- [Material provided]:
■ ■ ■ ■ ■ ■ ■

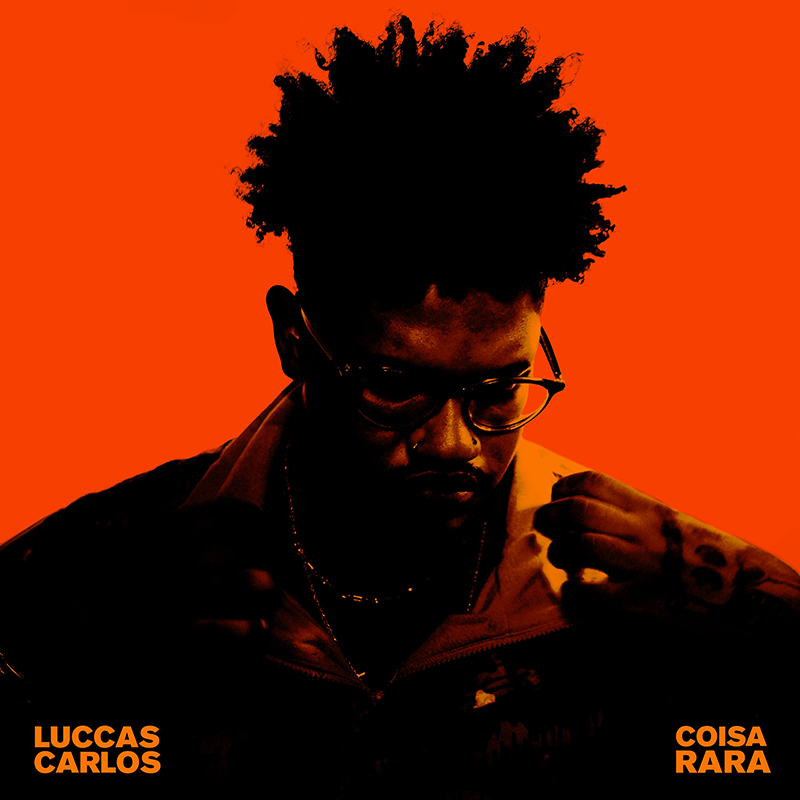 Album cover art for "coisa rara" by Luccas Carlos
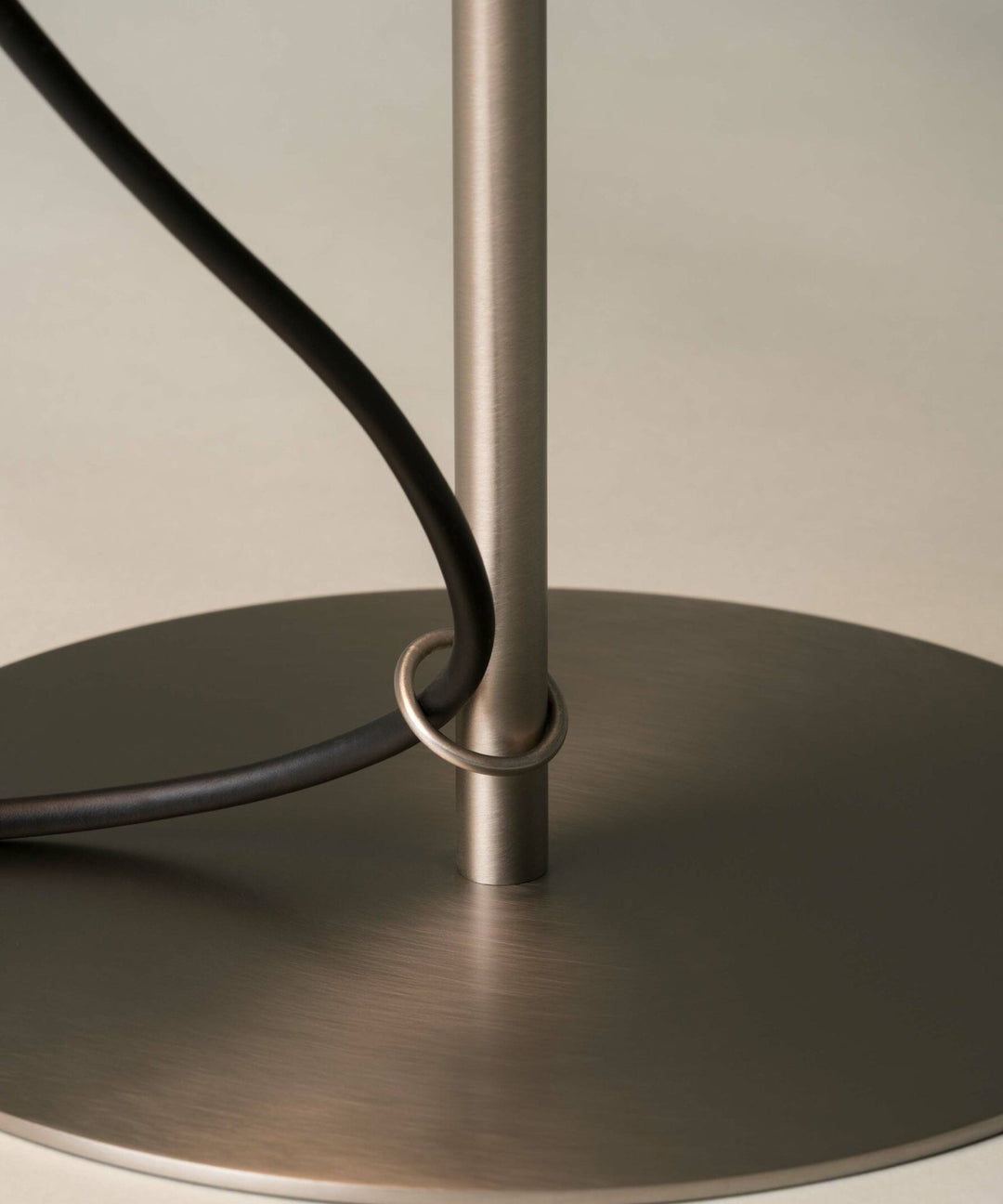 Lino Arc Table Lamp - Vakkerlight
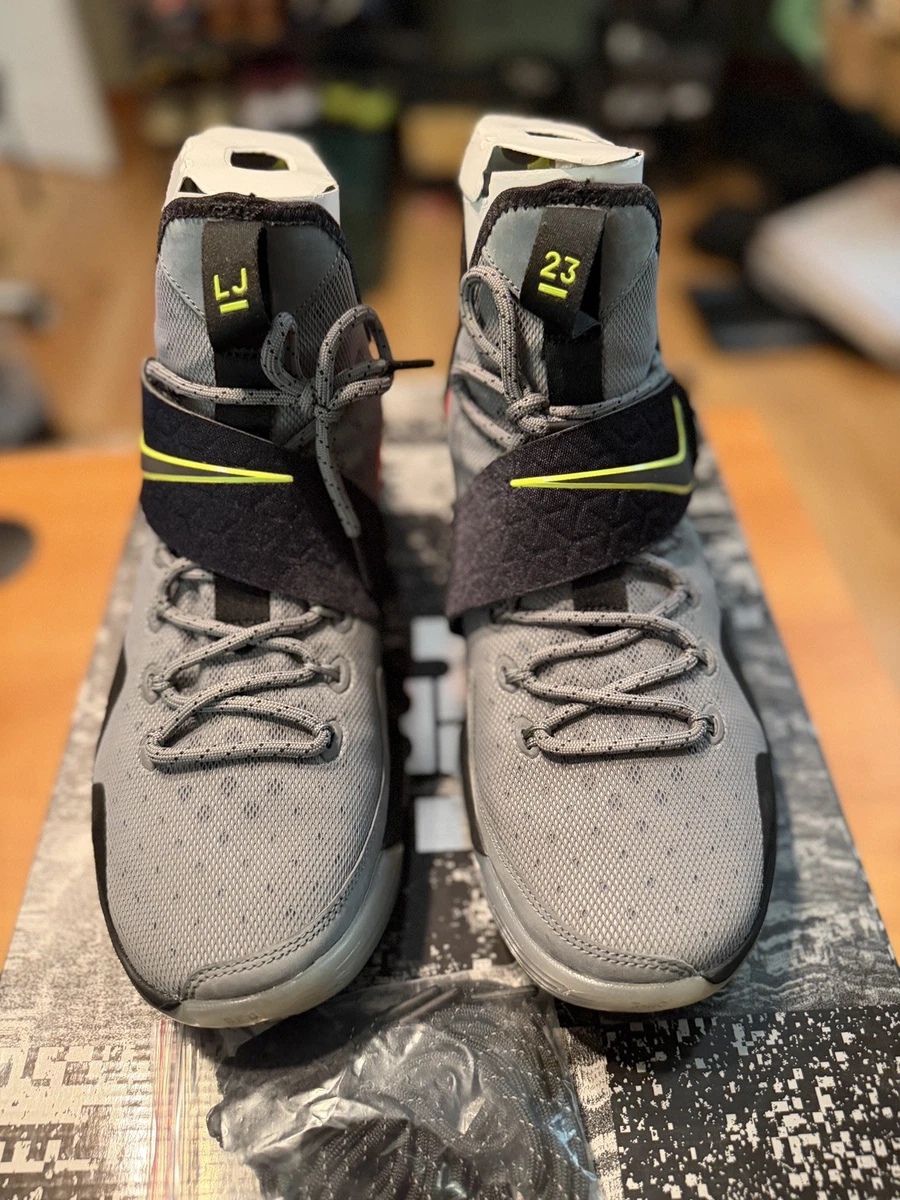 Preços baixos em Nike LeBron 14 Out of Nowhere | eBay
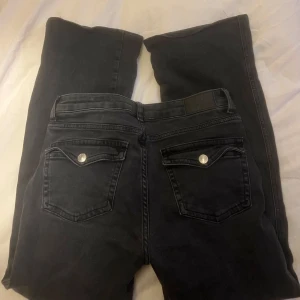 90s boot jeans lager 157 - Superfina jeans ifrån lager med knapp på bakfickorna💗 längen short och uppsydda så passar dig som är under 160cm🤍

■ ■ ■ ■ ■ ■ ■

- [What you have to do]: In the listing above, find the line containing "Preços baixos em" and restate it and every later line verbatim, with the pictures left out.

- [Solution to this problem]:
 Preços baixos em Nike LeBron 14 Out of Nowhere | eBay
 90s boot jeans lager 157 - Superfina jeans ifrån lager med knapp på bakfickorna💗 längen short och uppsydda så passar dig som är under 160cm🤍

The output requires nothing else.